Jesus was always telling stories.
Some of them had a message that was as clear as a bell. You couldn't miss the
lesson in the story if you tried! Some of the stories Jesus tells seem almost
deliberately vague. Instead of turning on the lights that would help us see
life and truth, it's as if Jesus walks into the room and turns off the lights.
The Nazarene tells a story, we're confused, and find ourselves stumbling around
searching for the light switch. "What did that mean? Who are the bad fish
and who are the good? What in the world does a story about weeds in a field
have to say to us when we're wrestling with Gaza and legalized marijuana and
children crossing the border and marriage rights?"
Truth is Jesus sometimes likes to
make us work to find the truth. Like all great teachers, he wants to engage us.
He doesn't want to hand us truth on a silver platter. Jesus wants us to work
because only when we work to find the pearl of God's truth in a field of dirt,
do we make it our own. So if you stagger out of worship and ask your neighbor,
"What in the world did that mean?" perhaps we're doing our job. :)
The other thing to say about the
stories Jesus tells is that he likes to use everyday moments and things to
point us towards eternal, life-changing, world-healing truth. On the surface of
things, his stories often seem surprisingly simple. Jesus talks about weeds in
a field, a wedding party with oil lamps waiting for the reception to start, a
baker using yeast to make bread, a woman who loses some coins, a small seed
becoming a bush big enough to throw shade.
I once heard about a preacher who
-most Sundays- used some kitchen utensil or food item as an illustration for
the Gospel truth.

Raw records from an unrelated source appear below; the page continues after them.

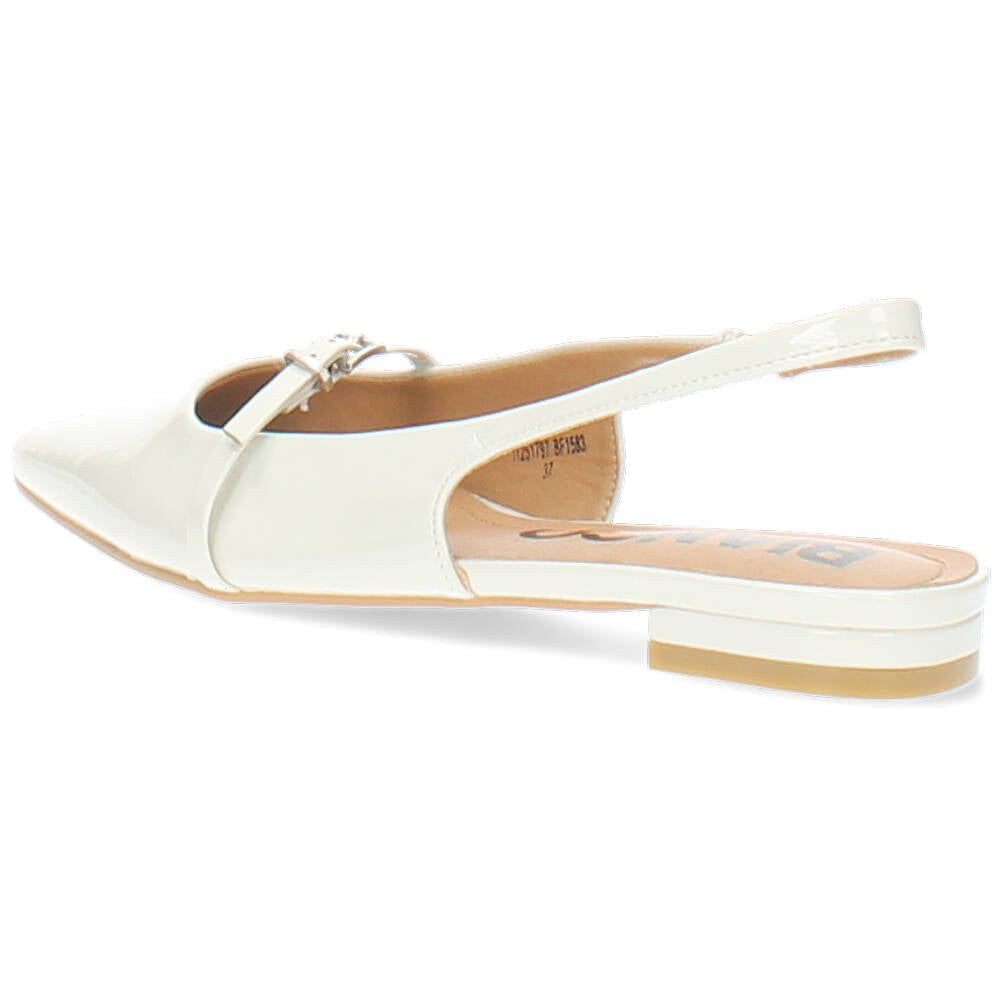 witte slingback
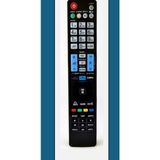 Forsky LG LCD LED Tv Uzaktan Kumandası - 3D Smart Tv Tüm Modeller - 000-Siyah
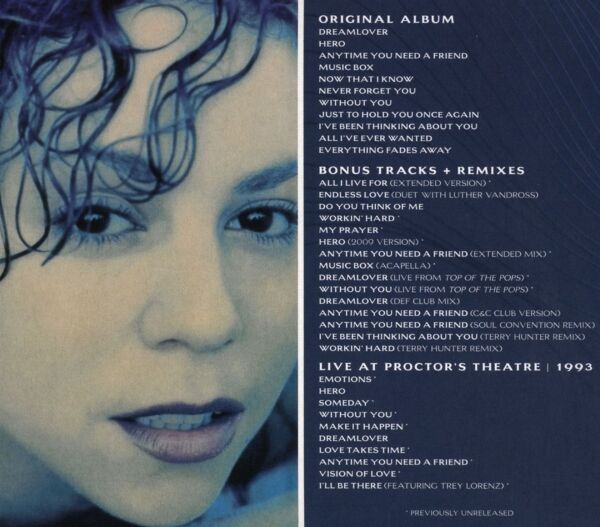 MARIAH CAREY – MUSIC BOX 30TH ANNIVERSARY EXPANDED EDITION CD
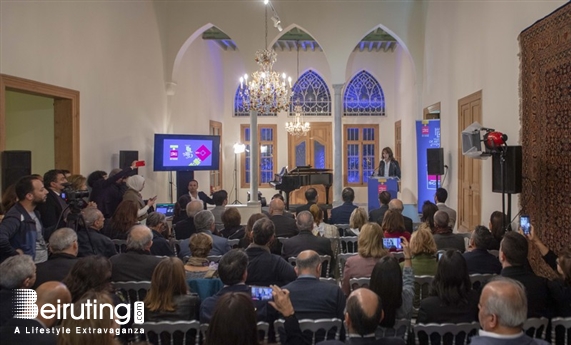 Social Event Beiteddine Art Festival 2019 Press Conference Lebanon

People, years after the pastor had moved on down the road,
said they couldn't work in their kitchens without remembering those sermons!
They'd get out their sharpest knife and remember a sermon based on James about
how careful we need to be with our tongues...our words. Simple things from the
kitchen used to point people to deep truth.
Jesus was a story teller. You see
that, especially, in Matthew 13. The Nazarene goes from one parable to another,
barely taking a breath between stories.
The best story he ever told, of
course, was the story he told with his life.